A representative log for the 8:47pm incident Aarti debugged:

BEGIN reserve_inventory     → OK reserve_inventory r-9f2a (ctx)
BEGIN charge_card           → OK charge_card t-3b81 (₹487)
BEGIN assign_rider          → FAILED NO_RIDER_AVAILABLE
COMPENSATING charge_card    → COMPENSATED charge_card (refund r-3b81→0)
COMPENSATING reserve_inventory → COMPENSATED reserve_inventory (released r-9f2a)
ABORTED NO_RIDER_AVAILABLE

Per-line walkthrough:

  • reserve_inventory is the first forward step. It writes a reservation in the restaurant's database; if the restaurant is out of stock, it raises SagaStepFailed, which the orchestrator catches without triggering compensations because nothing has succeeded yet.
  • charge_card uses an idempotency key (order.id). If the orchestrator crashes after the payment service committed but before the saga log got the OK, the next attempt with the same key returns the already-committed result instead of double-charging. Idempotency keys are not optional — see /wiki/idempotency-keys-and-deduplication.
  • refund_card is the compensation for charge_card. It writes a new ledger entry that nets to zero against the original, not a delete. The customer's bank statement will show charge ₹487 followed by refund ₹487, which is auditable and externally truthful.
  • The orchestrator's saga log is the recovery anchor. After a crash, the orchestrator reads the log, identifies which steps committed, and either resumes forward execution (if the failure was transient and we want to retry) or runs compensations in reverse order. The log is the saga's single source of truth.
  • Reverse-order compensation (for step in reversed(completed)) matters because state created by T₁ may be referenced by T₂'s state. If you compensated in forward order, C₁ might run while T₂'s output still references T₁'s state, leading to dangling references or double-counting in observability dashboards.

What sagas guarantee — and what they do not

Sagas guarantee three properties under realistic network conditions: durability of each step (each Tᵢ and Cᵢ commits to a local database), forward progress modulo failures (the orchestrator either completes the saga or compensates fully), and eventual consistency (after a finite number of retries, the system reaches either the committed end state or the fully-compensated start state).

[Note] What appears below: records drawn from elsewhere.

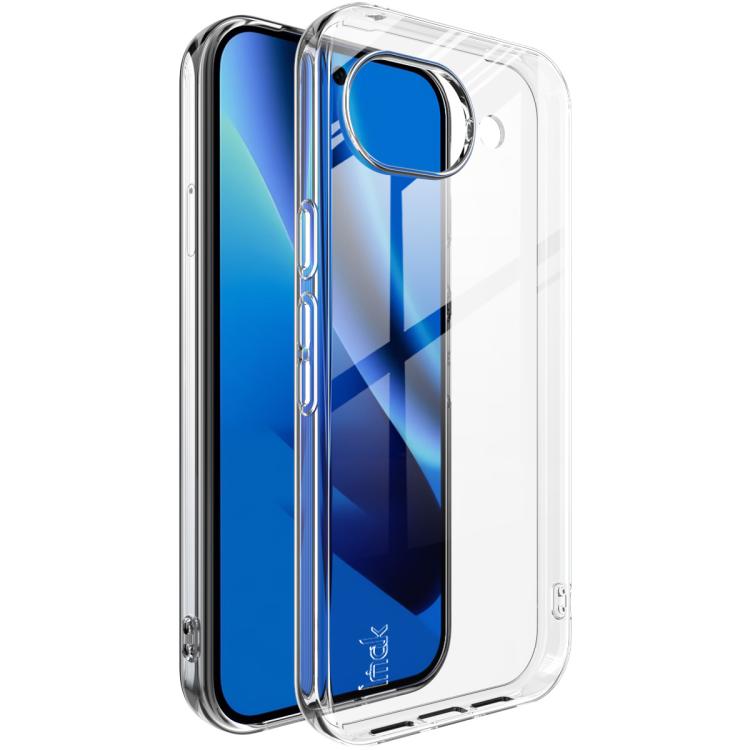 

For Google Pixel 10a IMAK UX-10 Series Transparent Shockproof TPU Phone Case(Transparent)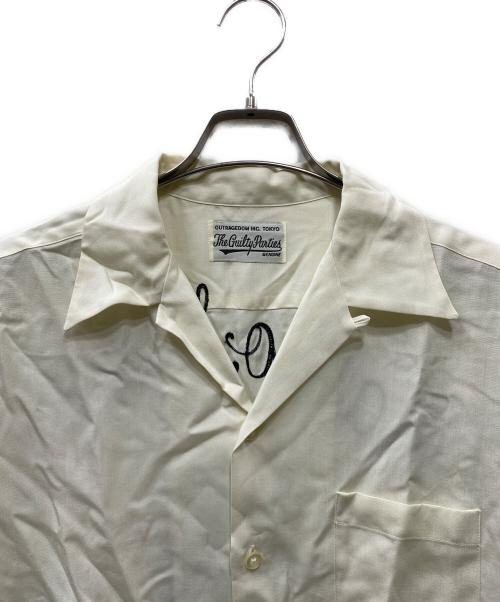 WACKO MARIA（ワコマリア）WACKO MARIA (ワコマリア) マリアエンブロイダリー オープンカラーシャツ ホワイト サイズ:Mの古着・服飾アイテム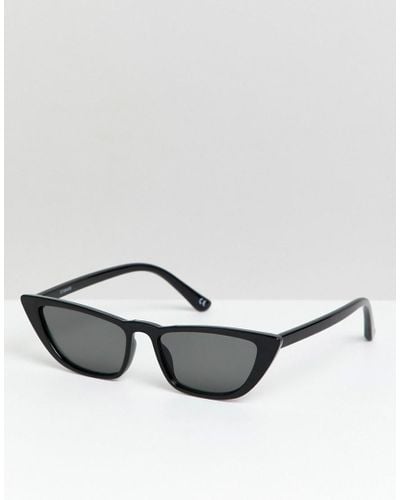 Lunettes De Soleil Yeux De Chat Angulaires Asos Pour Homme En Coloris Noir Lyst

What sagas do not guarantee is isolation. Other transactions can observe intermediate states. Between charge_card succeeding and assign_rider failing, the customer's bank account shows the charge. If the customer screenshots their bank app at that moment, they have evidence of a charge for a non-existent order. The compensation eventually fixes this — but "eventually" might mean 60 seconds for a transient rider shortage, or 11 minutes (Aarti's incident) for the rider-assignment timeout.

Why isolation matters even when atomicity does not: in a 2PC world, no other transaction sees the prepared state of a not-yet-committed transaction; locks make intermediate states invisible. In a saga world, each Tᵢ commits locally and releases its locks immediately; intermediate states are visible to anything that reads from the affected service. This is fine for many domains (a "preparing" status on a food-delivery app is acceptable) and catastrophic for others (a stock-trade saga that shows 0.5 transactions completed would be a regulatory disaster — which is why stock exchanges use 2PC + replicated coordinator, not sagas).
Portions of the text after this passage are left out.